Factual Programming: Research Log
Extensively looking at examples of the codes and conventions of factual programmes along with the techniques used within a varied number of documentaries has led to the natural conclusion of putting into practice what we have seen into the production of our own documentary. As the subject of this programme is based entirely upon one of our choosing, preliminary concepts were conceived to help generate possible topics to explore. Below are 3 of the strongest ideas;
1) University Life
As we reach a transition period from college education to degree-level, the notion of exploring how an individual deals with that change and the challenges and experiences they face starting this stage in their life. Having a friend move from Birkenhead to Wrexham to pursue a Fine Arts degree would allow me as a film maker to follow her during the beginning of her life at University and discuss issues, with her and those around her, about areas such as moving away and preparing for lectures etc.
2) Chester FC
Focusing on a local interest story led me towards the city’s football club.

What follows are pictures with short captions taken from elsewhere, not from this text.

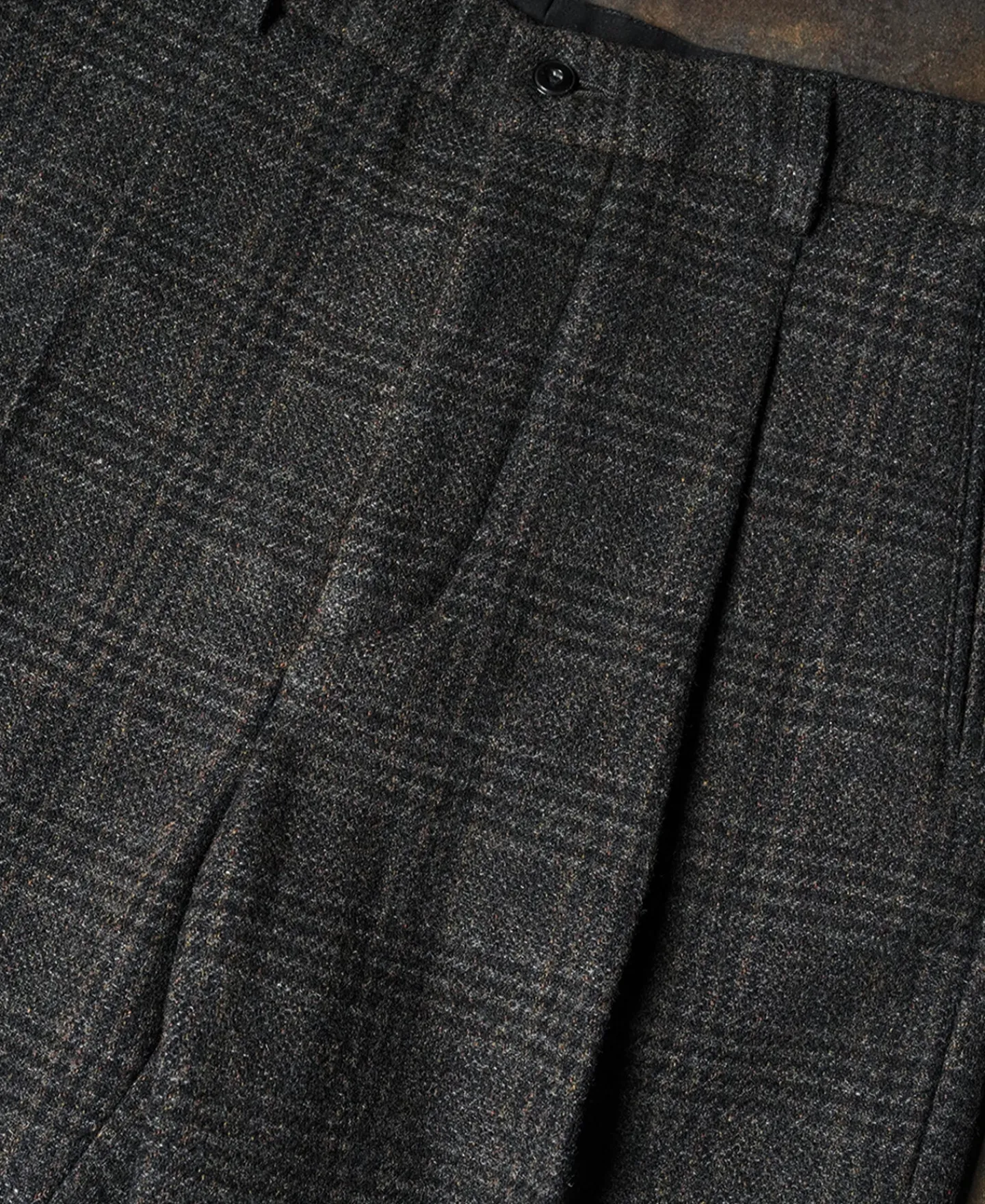 Fashion 1930s Glen Plaid Tweed Suit Trousers Pants&trousers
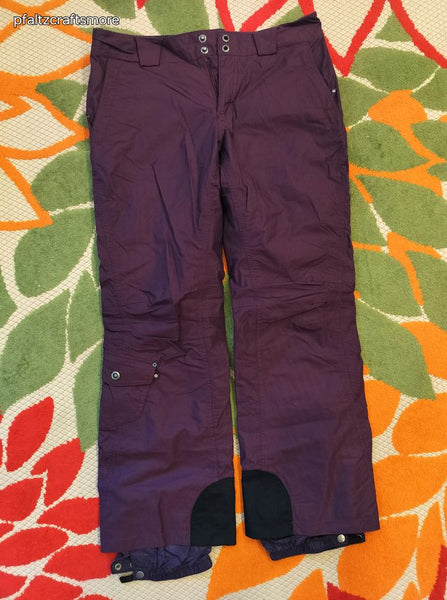 Women's Columbia Sportswear Lined Cargo Purple Snow Winter Pants Sz Medium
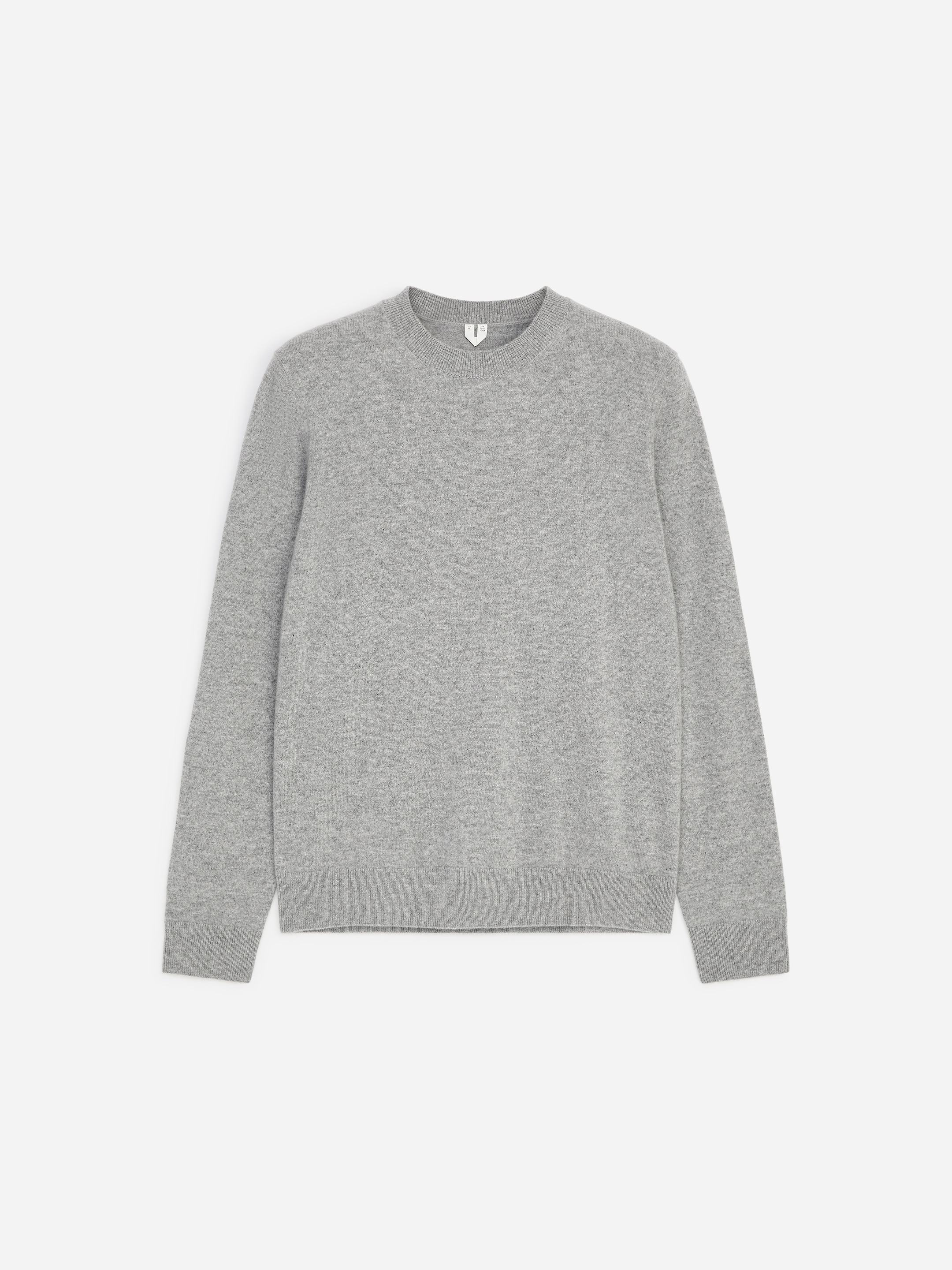 Pure Cashmere Crew-Neck Jumper-#A5A5A5-20439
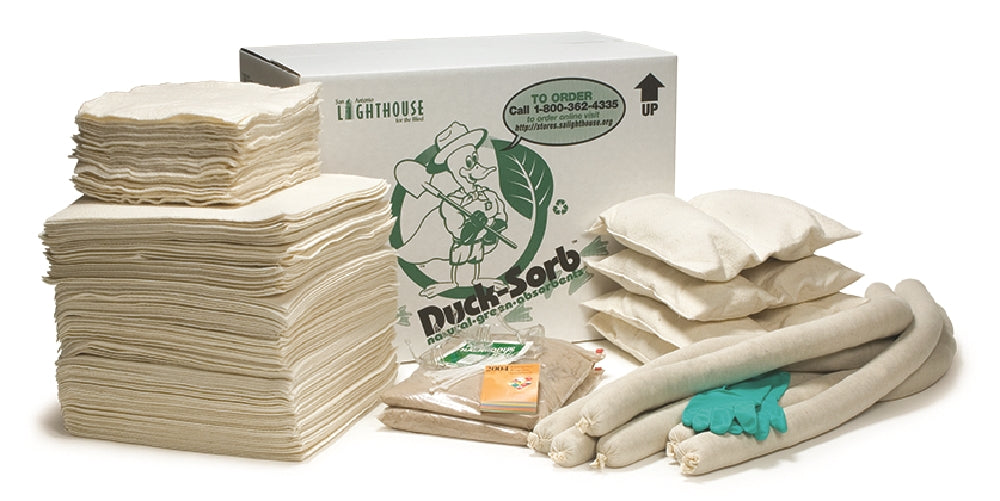 Duck Sorb DIY Spill Kit, Oil Only, 37 Gallon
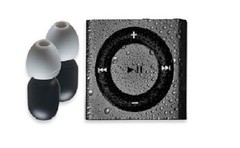 Swim iPod Shuffle & earphones & Buds bundle 100% Waterproof, new battery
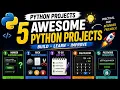 5 Beginner Python Projects to Improve Your Coding Skills Python Projects for Beginners
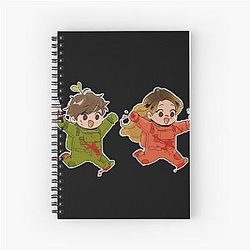 Sykkuno and valkyrae Spiral Notebook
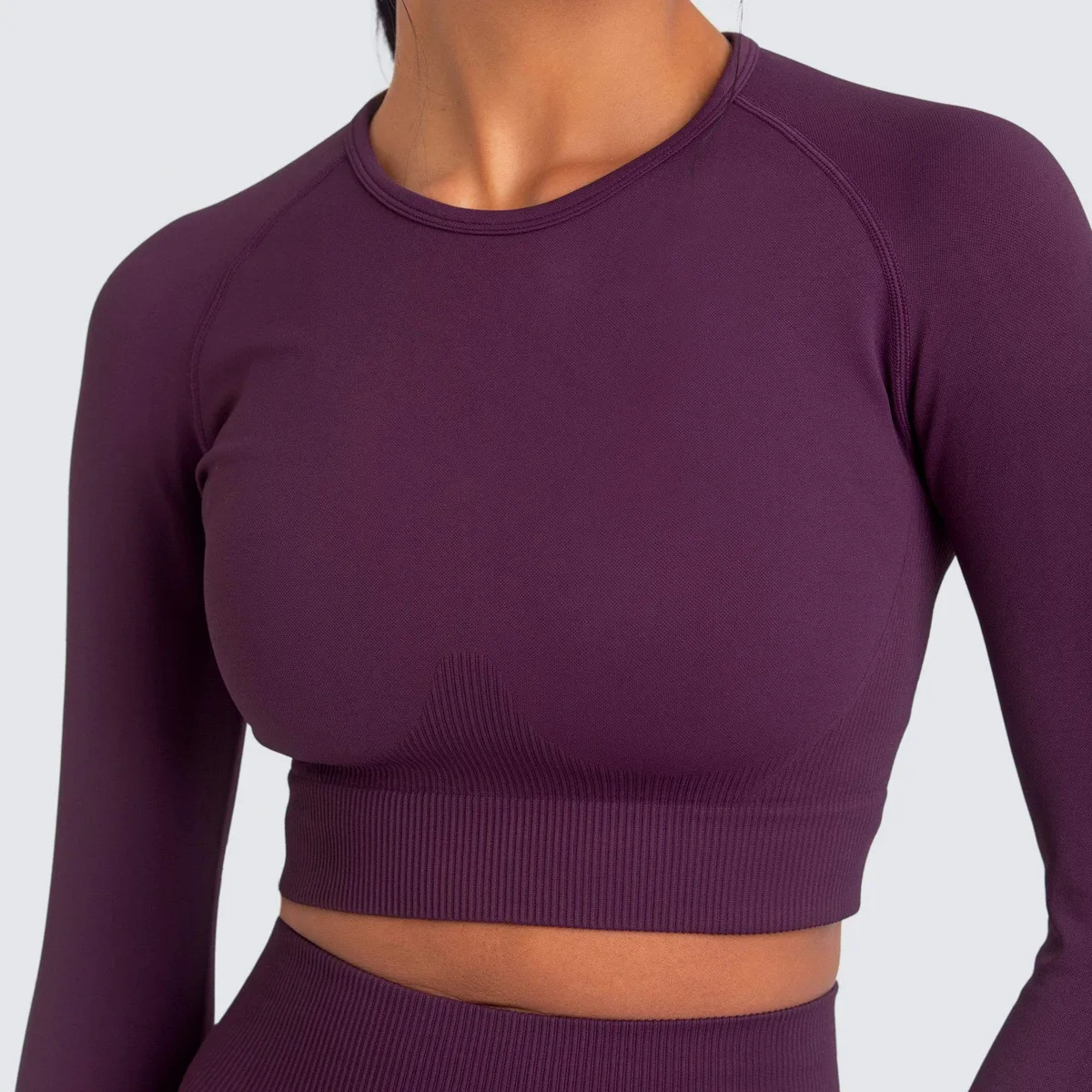 

Seamless Set Long Sleeve Top Sets Gym Clothing Seamless Yoga Set Women Solid Sport Suit Fitness Women Workout Set Sports Wear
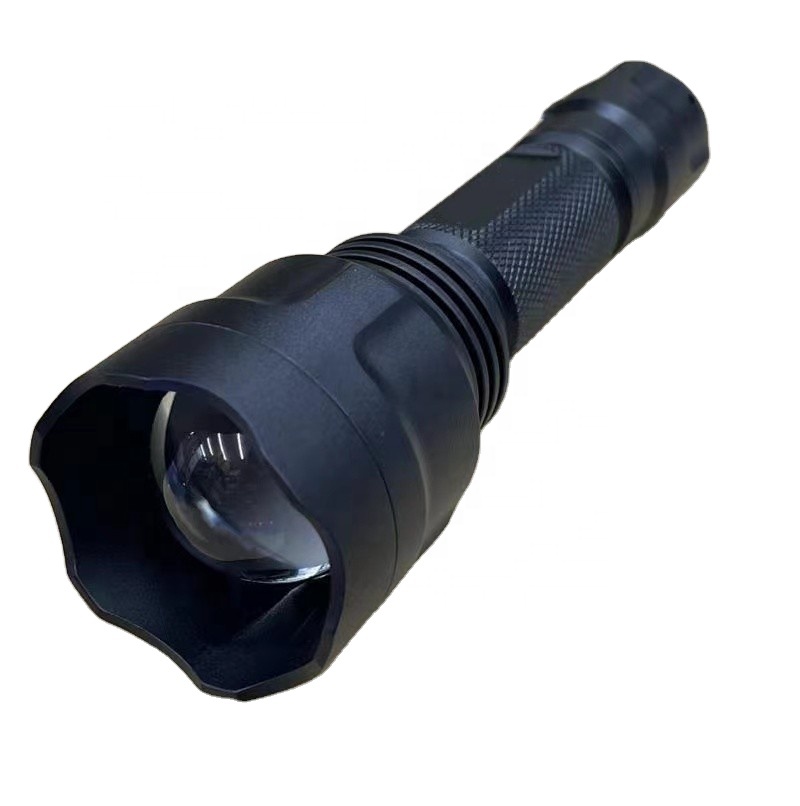Torche IR 850NM, Mini Lampe de Poche de Chasse Infrarouge LED Zoomable Vision Nocturne Illuminateur IR Lampe Torche Tactique étanche à Utiliser avec le Dispositif de Vision Nocturne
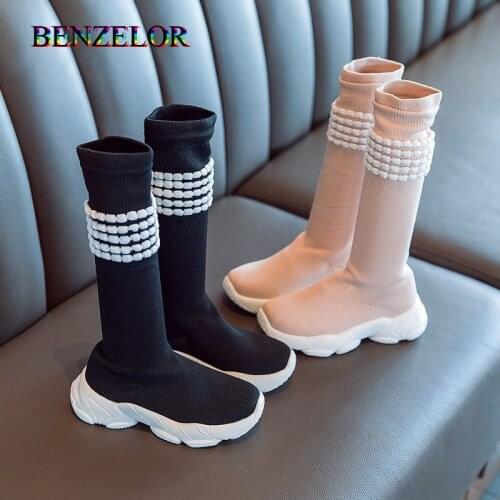 Autumn sock Children snow winter boots kids shoes for girls boys sneakers chaussure warm Childrens girl shoe Footwear female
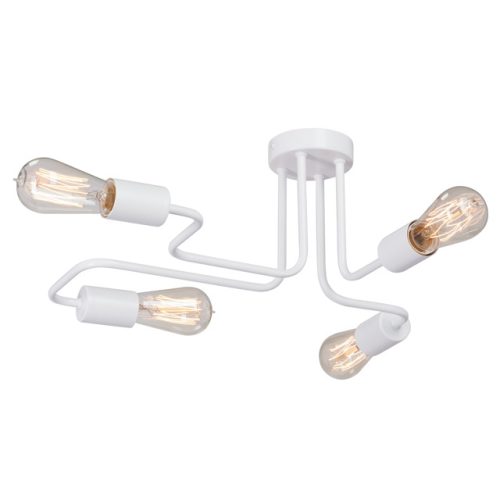 люстра потолочная VITALUCE Мариголд 4x40Вт E27 металл белый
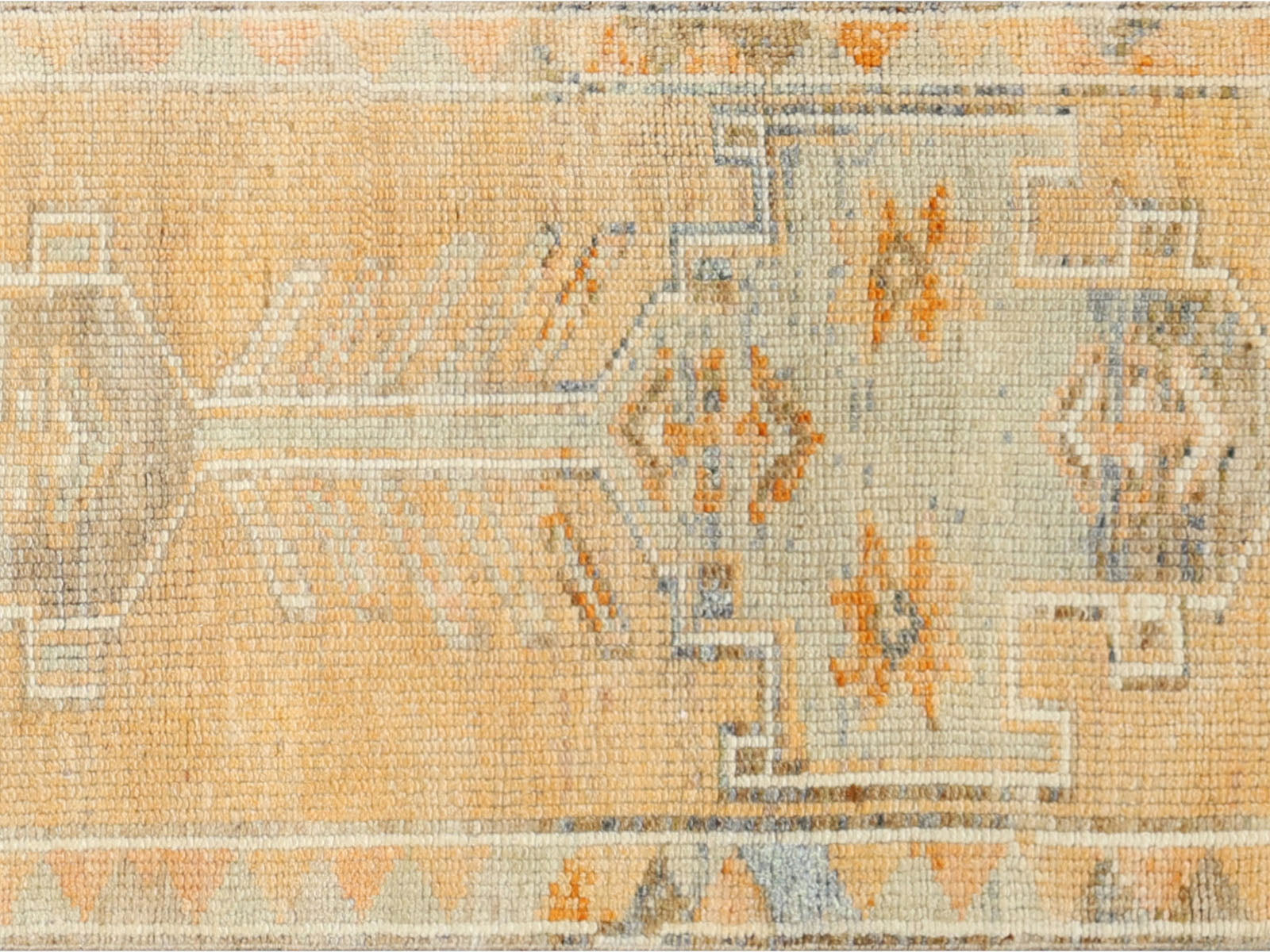 Vintage Turkish Oushak Runner - 2'8" x 11'9"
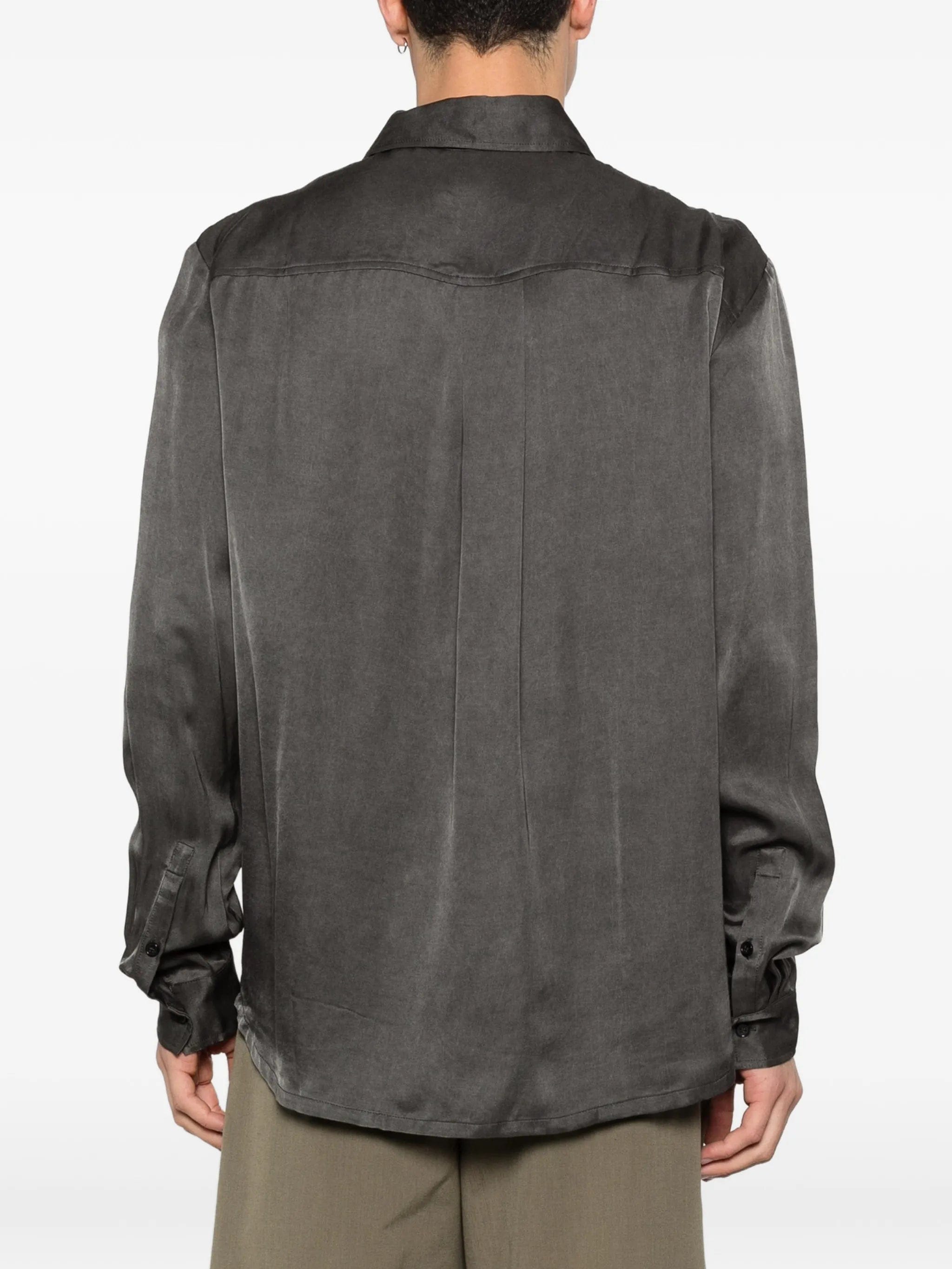 Won Hundred Pete chest - pocket button - fastening shirt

Not only could local’s opinions be taken about the club, the somewhat turbulent past that saw this phoenix club rise from the ashes of Chester City; thanks to the fans. A home match could be documented as well as trying to secure interviews with figures such as manager Steve Burr and the players.
3) Video Game Industry
Over recent years, this relatively new platform in comparison with films or literature, has become more accepted in popular culture- thanks to advancements in technology and the levels of interaction now possible. There are literally dozens of individual sub-categories that could be investigated including gamers, the commercial aspect and more negative areas like gaming addiction and the preconception that video games promote violence in those who play them.
Deciding to focus on the subject of the video game industry for this documentary, the next stage is to research into areas that will add authenticity and depth to the content and its overall production.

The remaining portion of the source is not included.